The answer is that in that offer, the proposer is not only making an offer.  He is also conveying his expectation for repeating this game with the roles reversed, and if the game is repeated, then the proposer is conveying the discount rate that the proposer places on the future.  The System Optimal solution is the sum of the accepted offers in repeated games.  If the offer is 50/50 in each game, and the roles are reversed after each game, then after two games each player would have $100 and the System of all players would have $200.  If each player follows the User Optimal Solution in each game and makes an unfair offer and that offer is rejected, then after two games both players have $0 and the System has $0.

If the offer follows a User Optimal strategy and offers the bare minimum, then in addition to that offer the proposer is conveying information that he does not expect to ever repeat this game with the roles reversed OR if the roles are reversed and the game is repeated that he has a very high discount rate (i.e. places a very low value on the future).  The System Optimal solution requires that the game be repeated and that a reasonable discount rate is used to value that future.

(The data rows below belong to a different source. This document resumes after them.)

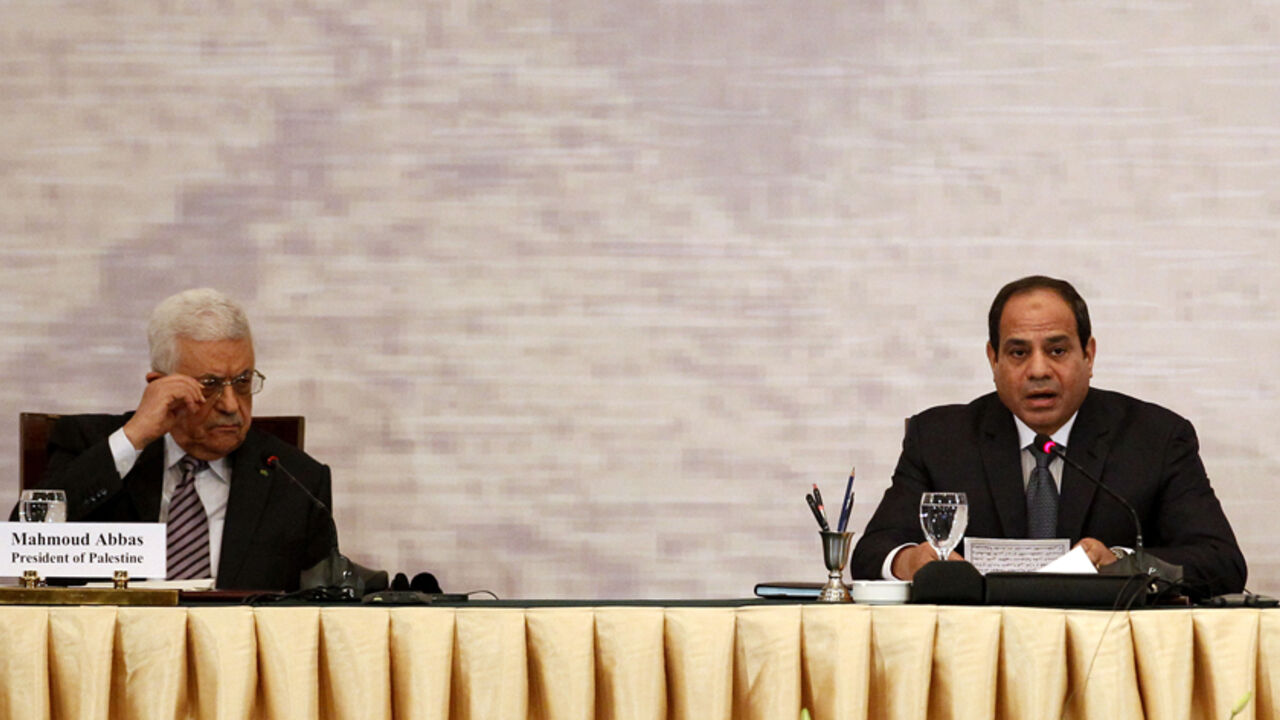 Palestinian President Mahmoud Abbas (L) and Egyptian President Abdel Fattah al-Sisi attend a Gaza reconstruction conference in Cairo October 12, 2014. Egypt, which brokered a ceasefire between Israel and the Palestinians in Gaza after a 50-day war, used a reconstruction conference in Cairo on Sunday to call for a wider peace deal based on a 2002 Arab initiative.  REUTERS/Mohamed Abd El Ghany (EGYPT - Tags: POLITICS) - RTR49UU5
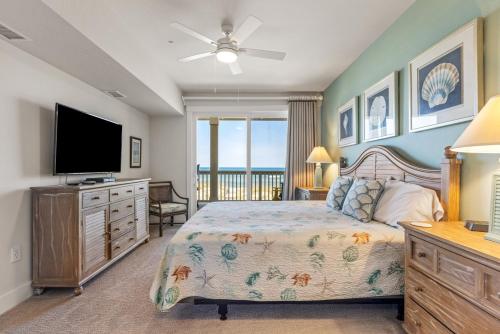 キル・デビル・ヒルズにあるSC303 - Seaside Dreamのベッドと薄型テレビのある寝室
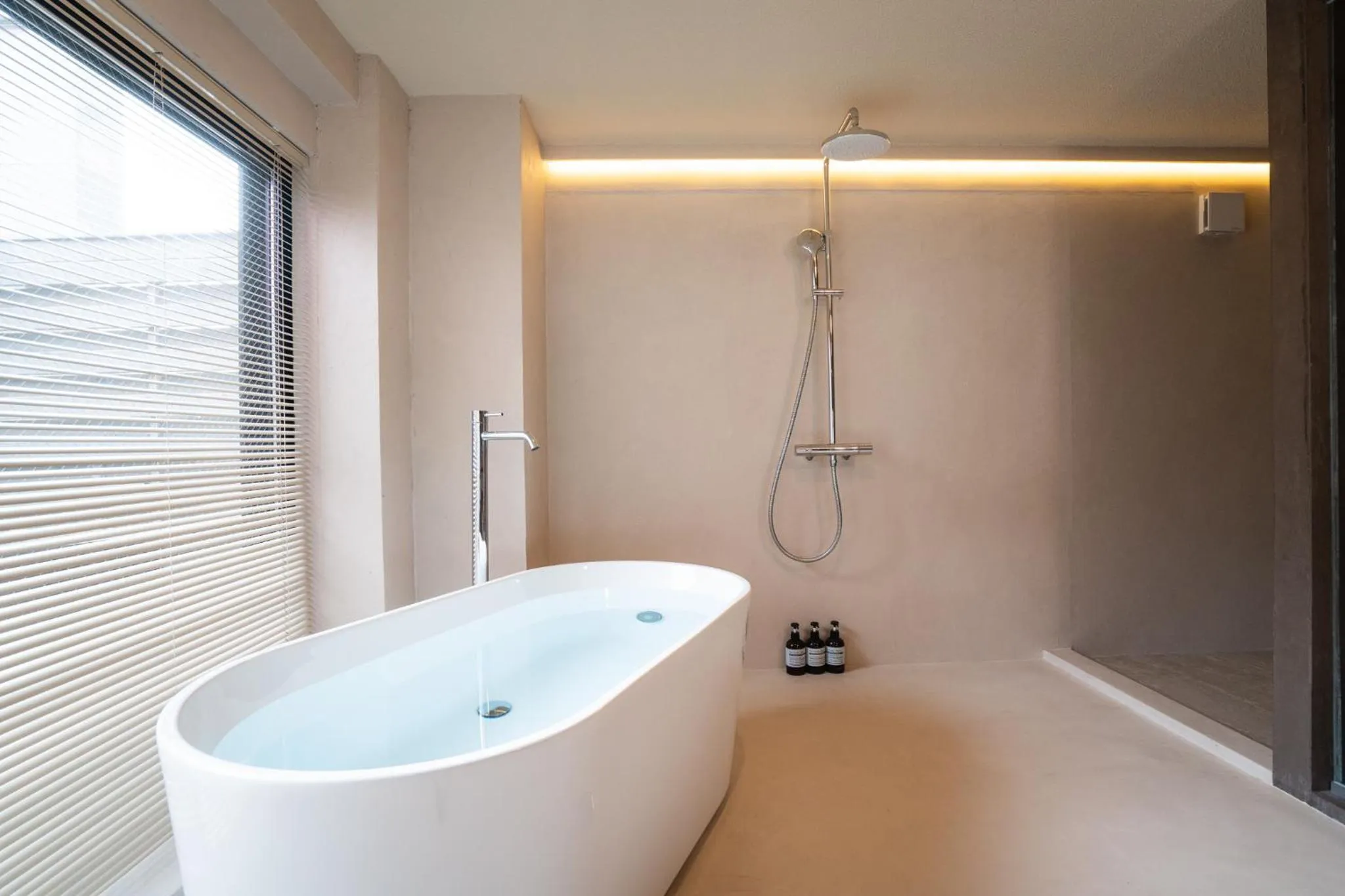 Bathroom in SAUNALAND ASAKUSA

If the offer is a 50/50 split then the offeror may be conveying that he does expect the game to be repeated with reversed roles or his discount rate is 0% CAGR.  If the offer is $30, then the proposer is also conveying that he expects the game to be repeated with roles reversed,but if it is repeated once per year then his discount rate is 40% CAGR, ( $50-$30)/$50.  When the responder rejects an offer, then the responder is responding not only for himself as a User, but for the System of all potential players.  By rejecting the offer, the responder is indicating that the proposer should be excluded from the System because the proposer either does not believe in a future, or if he does believe in the future he places a low value, i.e. a high discount rate, on that future.

Even though the System does not appear to have a role in the Ultimatum game, the responder is playing not only for themselves as a User,  but for the entire System. The winner is the System, not the player.

References

Güth, W., Schmittberger, R., & Schwarze, B. (1982). "An experimental analysis of ultimatum bargaining". Journal of Economic Behavior & Organization. 3 (4), 367–388.

Henrich, J. R. (2004). Foundations of Human Sociality: Economic Experiments and Ethnographic Evidence from Fifteen Small-Scale Societies. Oxford University Press.

Oosterbeek, H. R. (2004). "Cultural Differences in Ultimatum Game Experiments: Evidence from a Meta-Analysis". Experimental Economics. 7 (2), 171–188.